# 해다오



## Hyperpolyglot

I play a game in both Korean and English, in one of the dialogue, the Elf man in the English version says: "Please forgive me "
So naturally, I thought the Korean version would say "(저를/나를) 용서해주세요", but that's not the case, it says "나를 용서해다오"
So I searched for the 해다오 gramma structure and found nothing, note that it is 오 and not the 요 polite particle.
What kind of grammar is 해다오? Thanks


----------



## boomluck

용서하다 is to forgive.
달다 is to request. (ex. 입을 옷을 다오. Give me a clothe to wear.)

In this case, 달다 transforms and becomes 다오. It was possible because of 하오체(하오-體, 하오-form?). 하오-體 is an expression to respect the listener. It doesn't seem to be used in these days, though.

나를 용서해 다오.


----------



## CharlesLee

As the British or English has got a lot of accents, we have got also tons of  tones. Some English would speak posh accents, some of them would do RP varying from

in which region or local area they live.

So before the end of 1990's , the style of speaking or writing "-하오" was common, especially in the Josun dynasty period.

Korean literature or history shows about 7 styles of writing or speaking form.

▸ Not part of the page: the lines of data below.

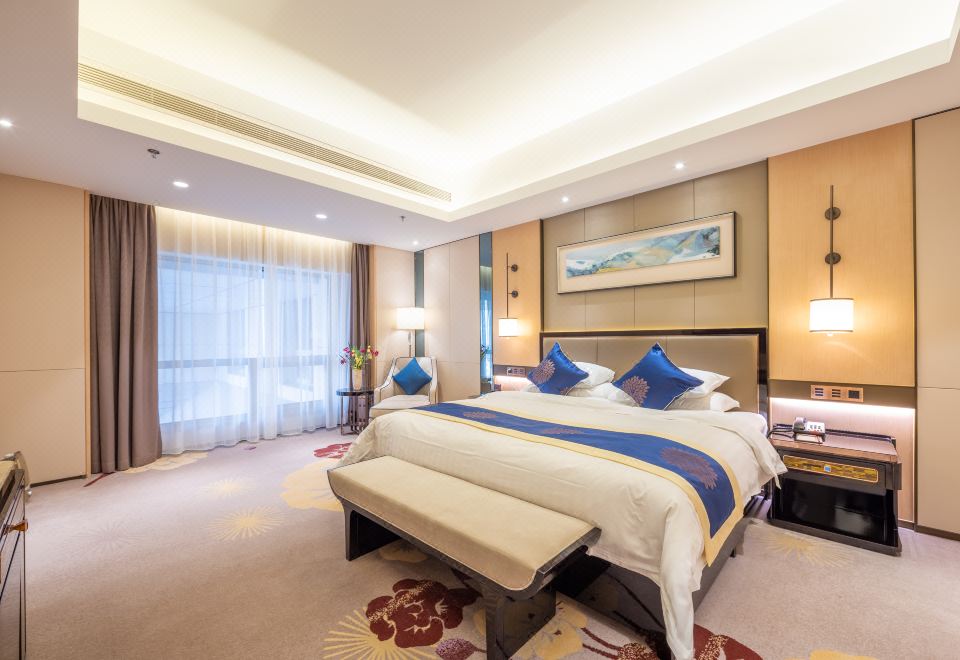 行政套房-俯瞰豪華園林美景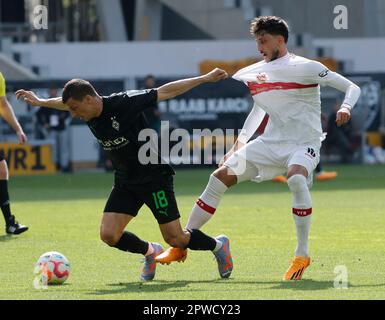 Stuttgart, Allemagne. 29th avril 2023. Atakan Karazor (R) de Stuttgart vit avec Stefan Lainer de Moenchengladbach lors du match de football allemand de la première division Bundesliga entre VfB Stuttgart et Borussia Moenchengladbach à Stuttgart, Allemagne, 29 avril 2023. Credit: Philippe Ruiz/Xinhua/Alay Live News Banque D'Images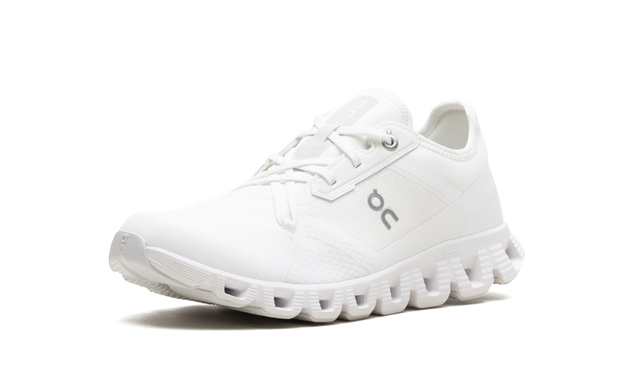On Running Cloud X 3 AD duurzame sneaker in wit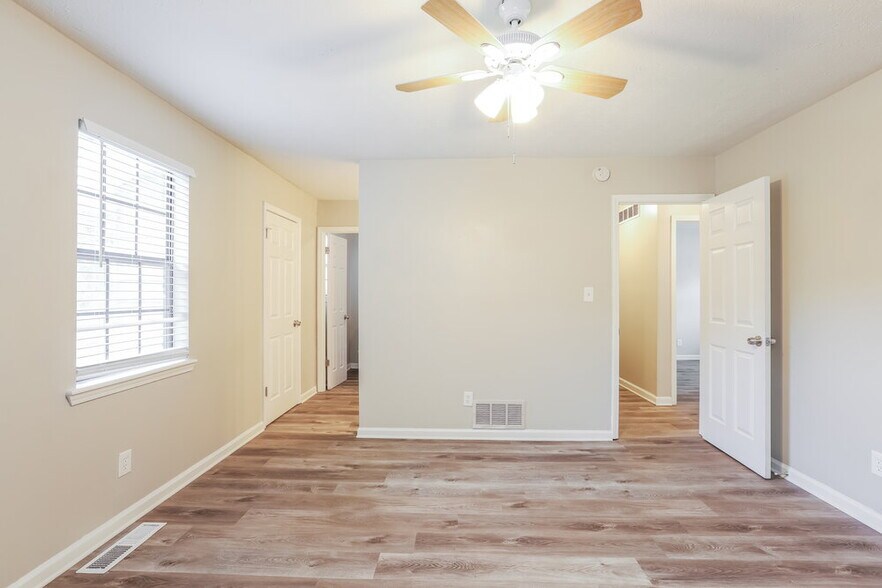 Building Photo - 3204 Plymouth Rock Dr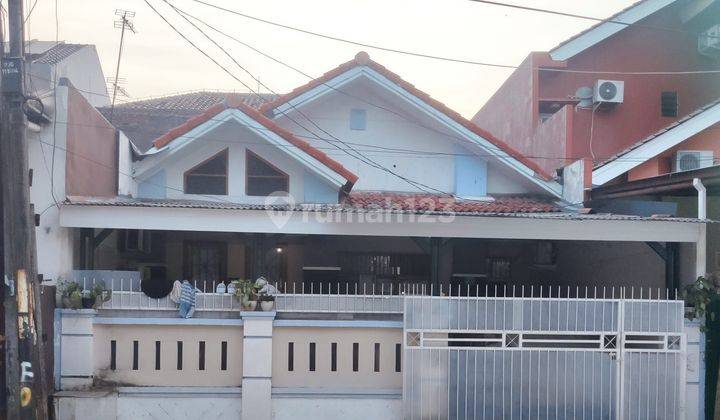 Dijual Rumah Minimalis di Taman Harapan Baru Bekasi  1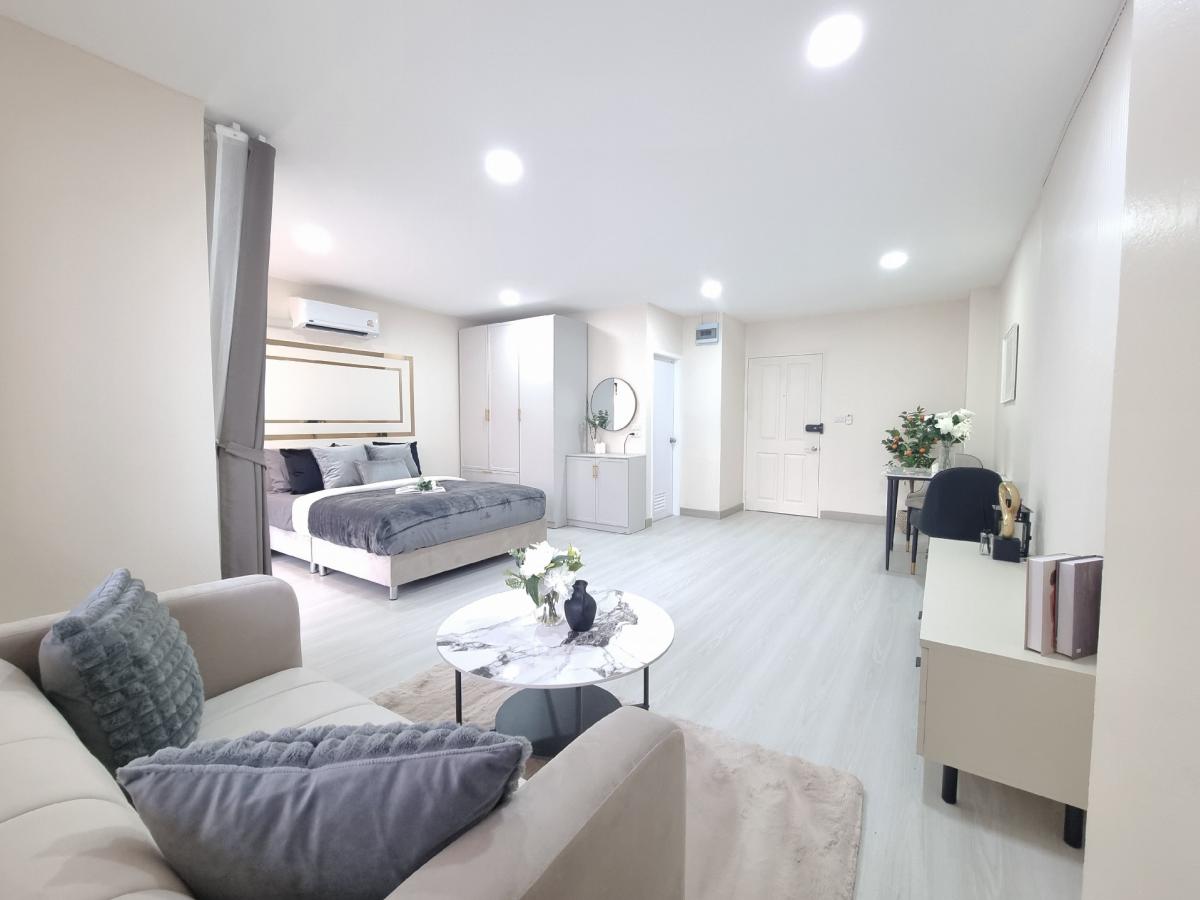 For SaleCondoBangna, Bearing, Lasalle : 🏡 Condo for sale, The Parkland Bangna, newly decorated room Condo near the Yellow Line Sri Iam The Parkland Bangna🏡 Station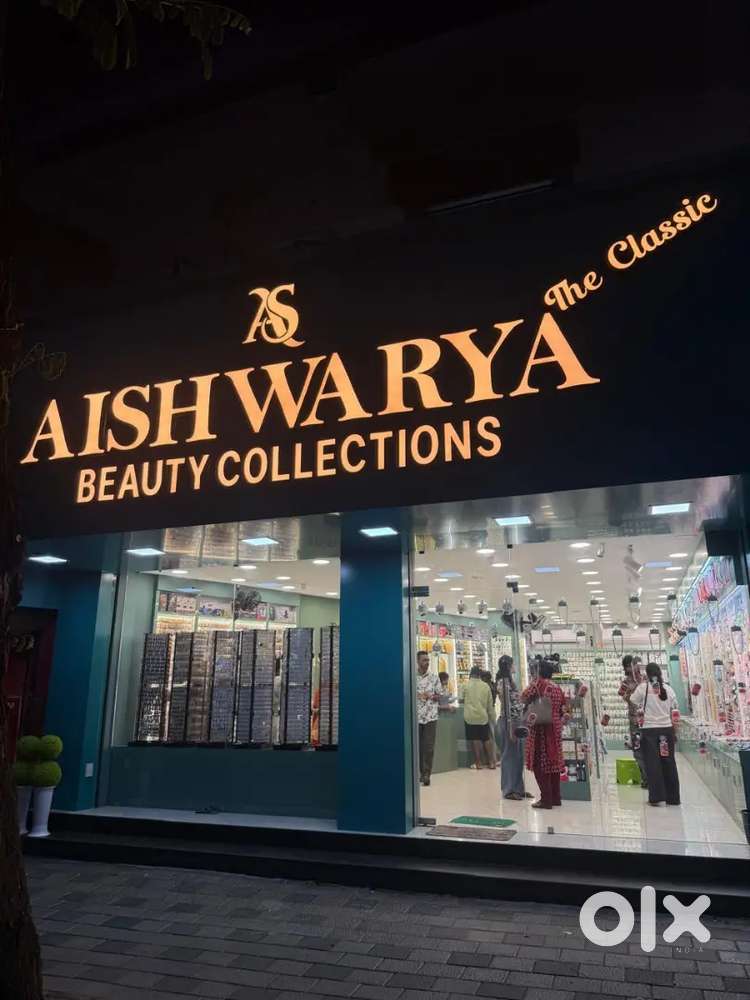 Searching  ladies sales executive for imitation jewellery showroom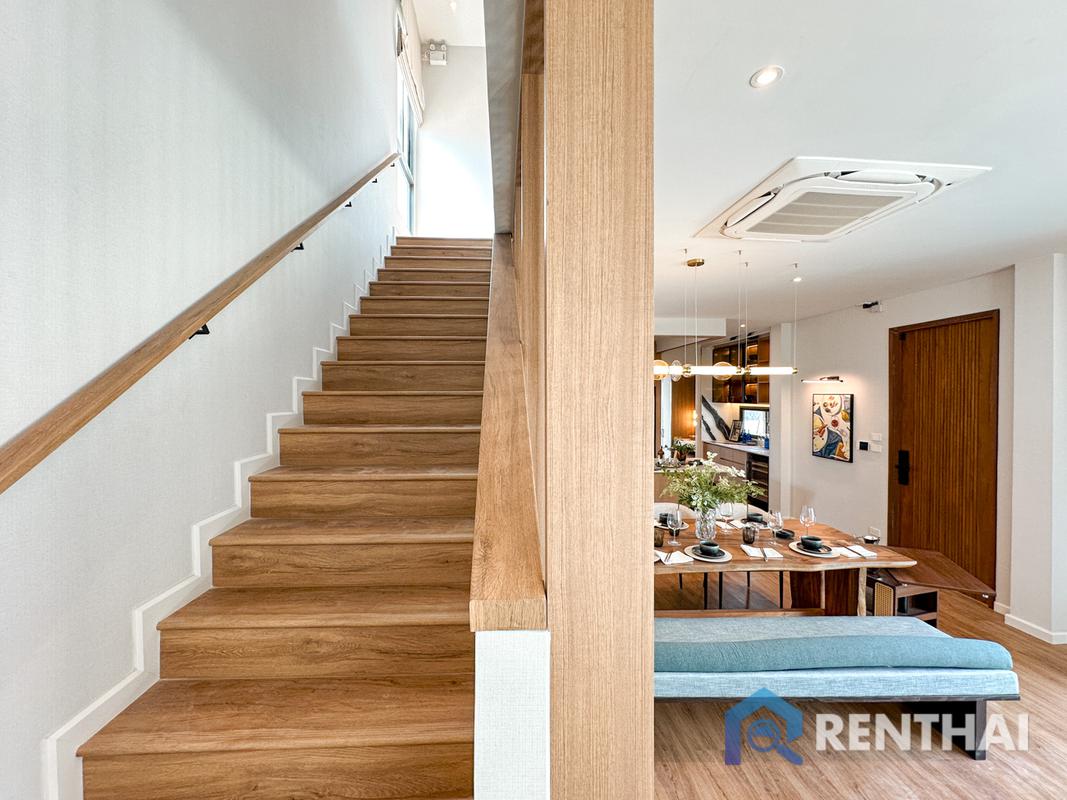 picture Lifestyle Luxury Villa  North Pattaya - 11/25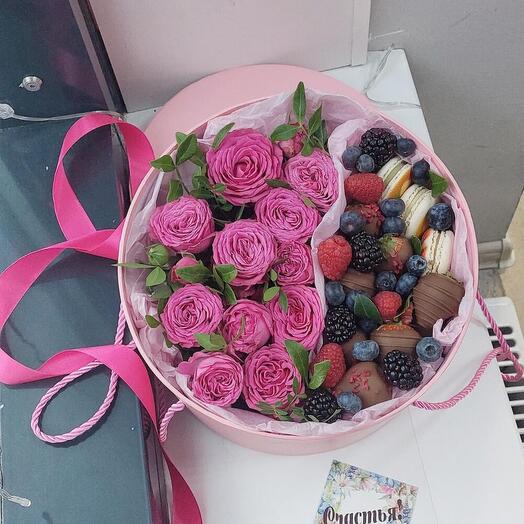 Коробочка с клубникой в шоколаде и кустовой розой 🌹 Дофаминовый букет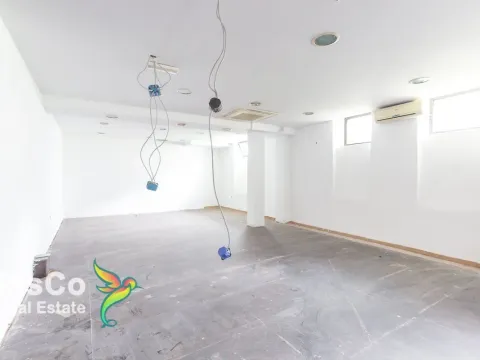 Izdavanje, poslovni prostor, 212m², Centar, Podgorica - image 6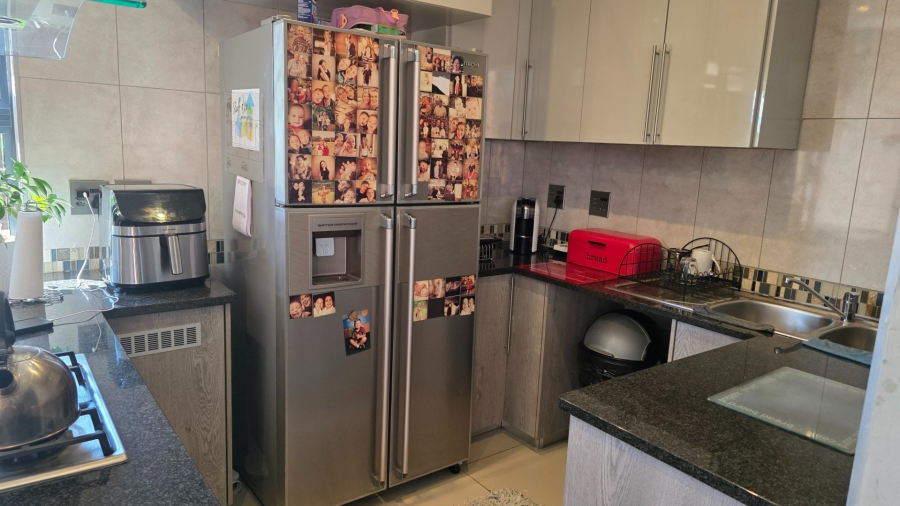 3 Bedroom Property for Sale in Golden Acres Estate Limpopo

One of them is 하오체 as boomluck explained above.

The degree of strength is likely to be *해라체 < 해체 < 하게체 < 하오체 < 해요체 < 하십시오체*.

조심해라 < 조심해 < 조심하게(나) < 조심하소(서) < 조심해요 < 조심하십시오.

In current 하오체 may be shown in the warning or caution sign as in "화단에 들어가지 마시오." or, mostly in the Korean historical drama, films, literature etc.

However, I use it  humorous ways to my mother as in "마마, 고정 하시옵소서." and "뭬야?" is also what I hear a lot between friends in the same style.


----------